On water and natural resources, she shows that Chapters 10 on investment, 17 on environment, and 20 on dispute resolution, when taken together, enable multinational corporations to sue the government of Costa Rica should it take measures they might consider equivalent to expropriation or that affect their earnings. "With this," she writes, "businesses' access to the water and natural resources and their 'right' to profits take precedence over any measure (whether human or social) that might be taken by the government or municipalities."

On culture and knowledge, Chapters 15 and 10 allow multinationals to own the seeds of a species and traditional knowledge of plants and animals.

On markets, the early chapters allow subsidized imports from the US to enter while denying Costa Rica a tariff option. The case of Mexico under NAFTA provides an example of how agricultural jobs disappear as food from the US replaces nationally produced food without lowering national food prices. "In fact, the price of essential foodstuffs has risen while ruining the livelihoods of rural workers."

On current public investment, the strictures on water and natural resources also apply to public services including telecommunications and the insurance industries, so that the multinationals can sue the country for affecting their profits or expropriation, or for any restriction or attempt to maintain them under public dominion. In addition to the chapters cited for these rights, there is also Annex II, Non-Conformant Measures, Costa Rica list.

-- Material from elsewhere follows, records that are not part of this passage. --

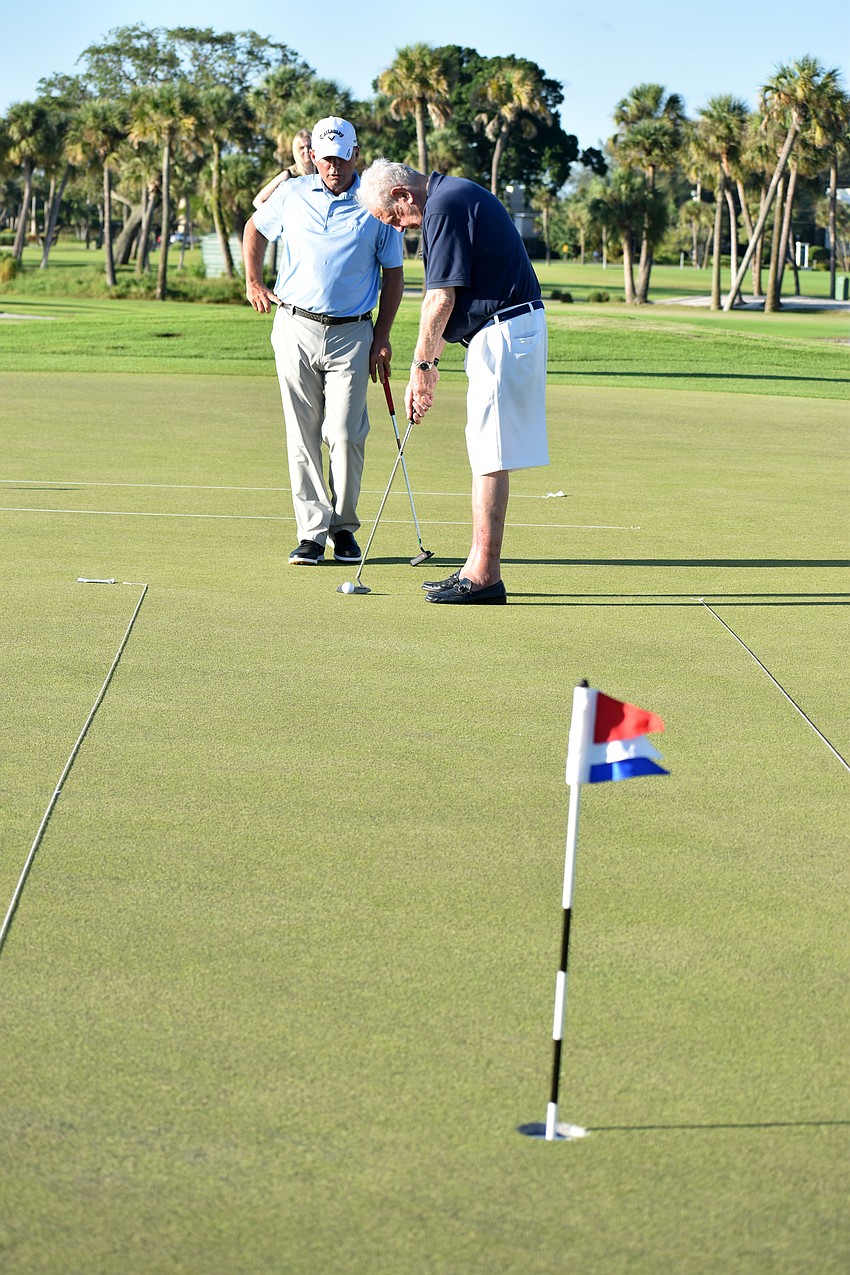 Mayor George Spoll readies his stance before putting.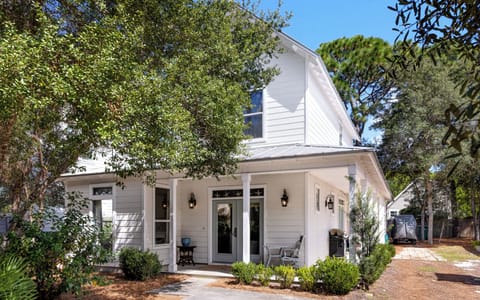 Charming coastal-style home with a shaded front porch and lush greenery all around.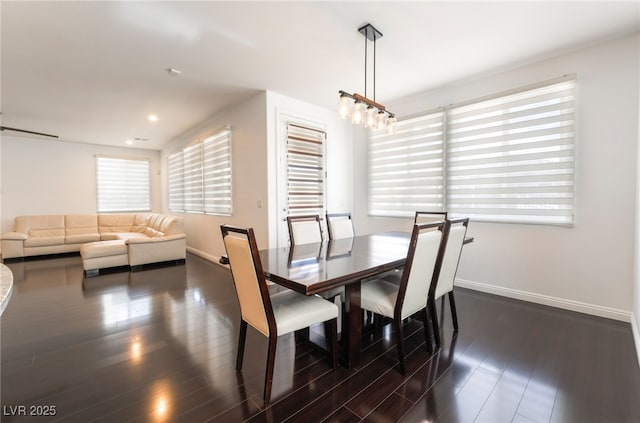 10315 Turia Gardens Rd, Las Vegas, NV 89135 - dining space with baseboards, dark wood-type flooring, and recessed lighting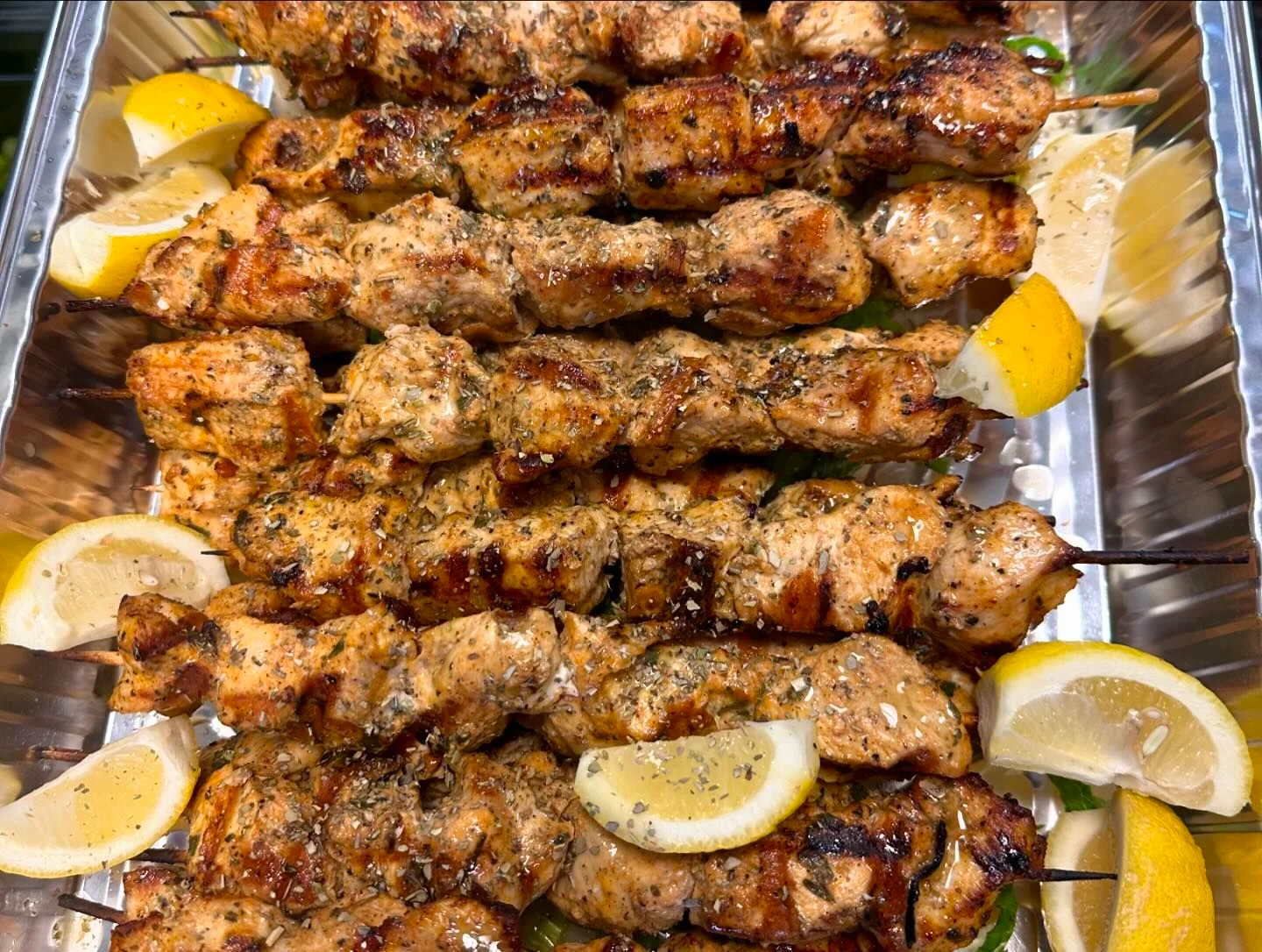 Grilled chicken kebabs with lemon wedges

On cheap labor, Chapter 16 limits redress, except in limited instances, to labor violations that harm companies, but not those that harm workers. The country is committed to prevent violations "if commerce is affected."

On national sovereignty, CAFTA provisions prevail over national law, such that no law can be passed or remain in force that conflicts with a CAFTA precept. Transnationals take their demands to arbitration courts whose decisions can "modify both the decisions of internal courts and of state organisms at any level, taking into account only that which is stipulated in the agreement and not in the Costa Rican Constitution." CAFTA leaves the state with the authority to take measures to protect health and life, "as long as they do not affect commerce."

Most of these provisions, save those having to do with Costa Rica's telecom and insurance state monopolies, put the country in the same boat with its neighbor CAFTA countries. But Trejos emphasizes that Costa Rica is the only country that did not make any provisions to protect its small producers, poor women, native peoples, or its poor. She argues that a treaty that does not protect its most vulnerable sectors affects women disproportionately because women already constitute a disadvantaged sector. So, female small farmers who feed their communities "may now encounter obstacles in the continuation of their traditional practices, not only because the intellectual property stipulations in CAFTA enable the multinational companies to patent plants and animal species, but also because the treaty reinforces multinational property rights on their seeds."